Why is something similar not true for intelligence?

Comment author: ChristianKl 01 July 2017 03:54:47PM 1 point [-]

On LW we frequently invent new vocabulary in a way that's confusing for outsiders. It seems to me like "One Magisterium Bayesianism" is a new term that's not taken from anywhere and is likely relatively opaque.

Maybe it would make more sense to speak of Bayesian Monism?

Comment author: gjm 03 July 2017 12:54:15AM 1 point [-]

Doesn't "monism" pretty much mean belief in only one kind of thing rather than employing only one procedure for finding truth? I think calling the position described here "Bayesian Monism" would be actively misleading.

Comment author: ChristianKl 03 July 2017 01:42:47AM 0 points [-]

I think that tistanm doesn't just advocates Bayesianism as a method but advocates that reality is shaped in a way that it's basic nature is represented by probability.

Comment author: MrMind 03 July 2017 01:37:18PM 0 points [-]

that it's basic nature is represented by probability.

This would be the exact opposite of what Bayesianisms says (that is, probability is an optimal epistemic construction).

Comment author: gjm 03 July 2017 10:57:27AM 0 points [-]

No doubt, but that isn't the same as monism.
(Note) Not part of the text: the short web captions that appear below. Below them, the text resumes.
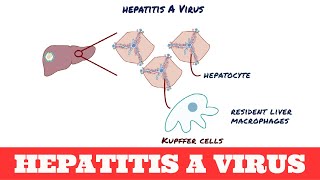 Hepatitis A Virus [upl. by Viscardi]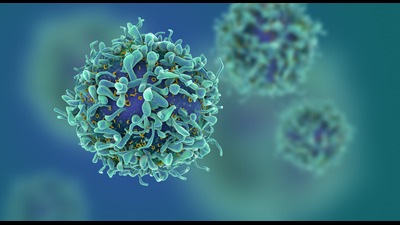 3D illustration of cancer cells (Shutterstock) 3D illustration of cancer cells (Shutterstock)
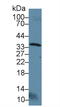 OTU Deubiquitinase, Ubiquitin Aldehyde Binding 1 antibody, LS-C295744, Lifespan Biosciences, Western Blot image 
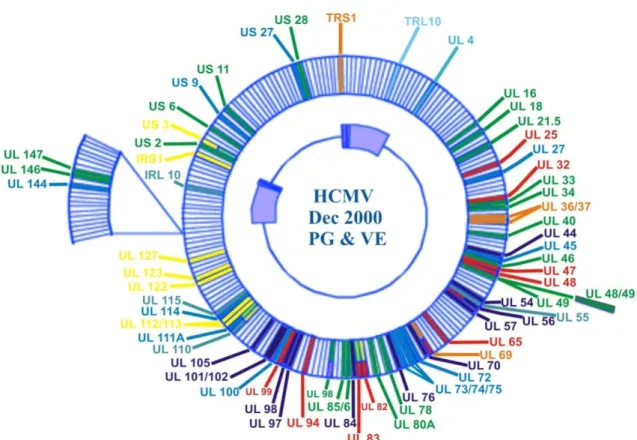 Figura 3. Estrutura do HCMV. Em verde estão representados os genes do capsídeo, em  vermelho  os  genes  do  tegumento  e  em  azul-claro  e  lilás,  as  glicoproteínas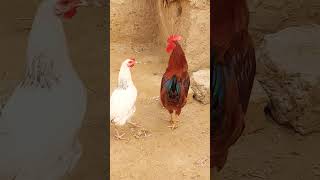 Aseel murga #birds #nature #viralvideo #ytshorts #animals #animal #birdlovers #beautiful #explore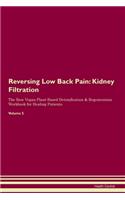 Reversing Low Back Pain: Kidney Filtration The Raw Vegan Plant-Based Detoxification & Regeneration Workbook for Healing Patients. Volume 5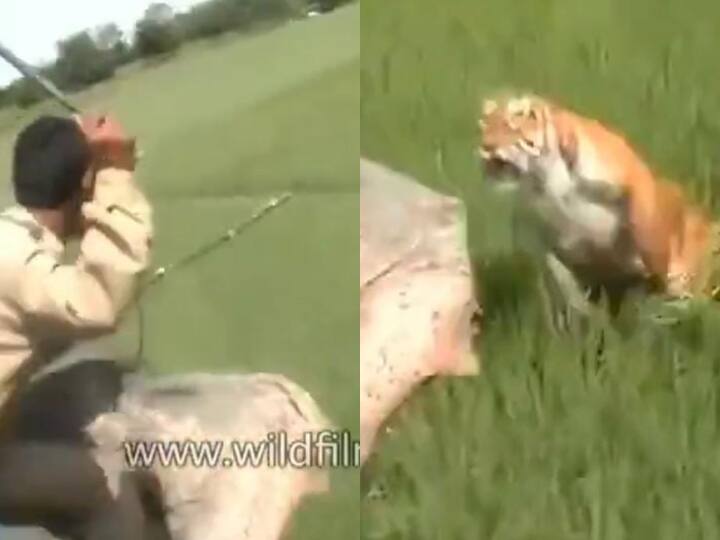 tiger leaping towards a boy sitting on an elephant viral video हाथी पर बैठा था लड़का, अचानक आ गया टाइगर और सीधे कूदा मुंह पर... कमजोर दिल वाले Video से दूर रहें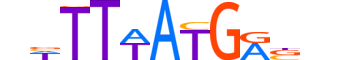 HXC10.H12CORE.1.S.B motif logo (HOXC10 gene, HXC10_HUMAN protein)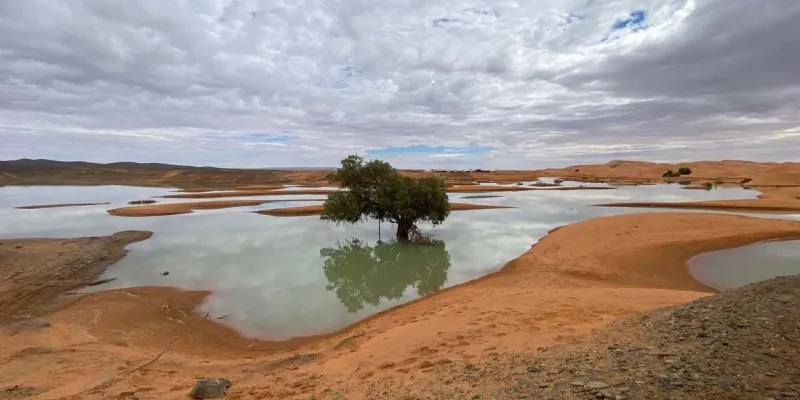 Imágenes de las lagunas de agua formadas en el desierto de Merzouga, en Marruecos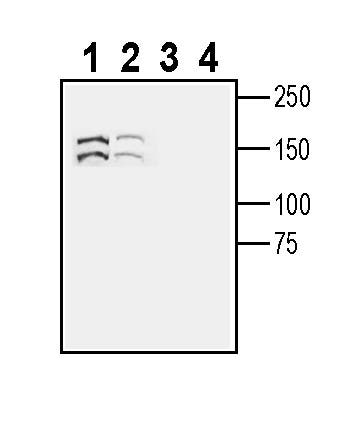 Anti-SEZ6 (extracellular) Antibody - Carrier Free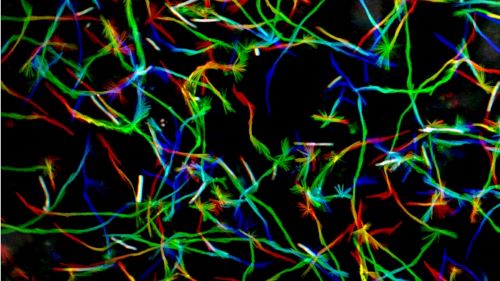 gliding motility of the bacteria on a glass surface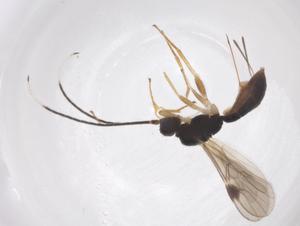  ( - CBG-A61331-A12)  @11 [ ] CreativeCommons - Attribution Share - Alike (2025) Centre for Biodiversity Genomics Centre for Biodiversity Genomics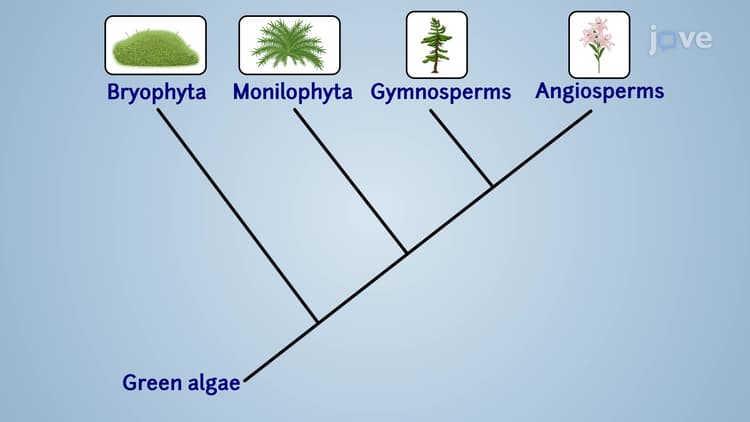 Water lily complete genomes illuminate the innovations of water lilies ...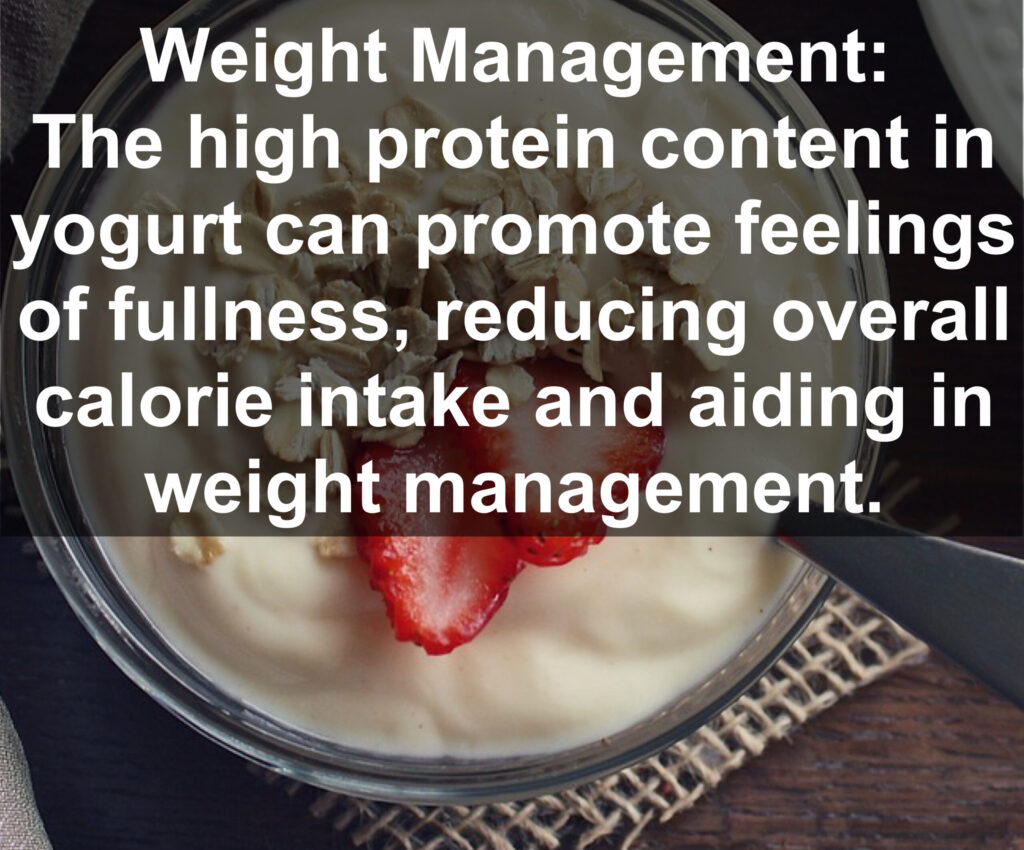 4. Weight Management: The high protein content in yogurt can promote feelings of fullness, reducing overall calorie intake and aiding in weight management.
You could have a world made of many kinds of stuff in which Bayesian inference is optimal, or a world made of one kind of stuff in which Bayesian inference produces terrible results.

Comment author: username2 30 June 2017 12:45:06AM 1 point [-]

One-Magisterium Bayes: A Defense of Tribalism

Comment author: tristanm 30 June 2017 12:57:35AM 4 points [-]

Did you read the post? It should be made pretty clear that I'm not advocating Bayesian fundamentalism (and I describe what I believe that means, and why it doesn't really square with actually being Bayesian).

Comment author: MrMind 03 July 2017 01:33:39PM *  0 points [-]

I side with you on this issue. It irks me all the time when the Bayesian foundations are vaguely criticized with an air of superiority, as if dismissing them is a sign of having transcended to some higher level of existence (neorationalists, I'm looking at you).
On the other hand, I could accept tool-boxing, in accordance to the principle of "one truth, many methods to find it" if and only if:

  • it effectively showed better results than the Bayesian methods
  • it wouldn't suddenly forget the pluri-decennial findings on the fallibility of human intuitions.

On the other hand:

Should you treat “evidence” for a hypothesis, or “data”, as having probability 1?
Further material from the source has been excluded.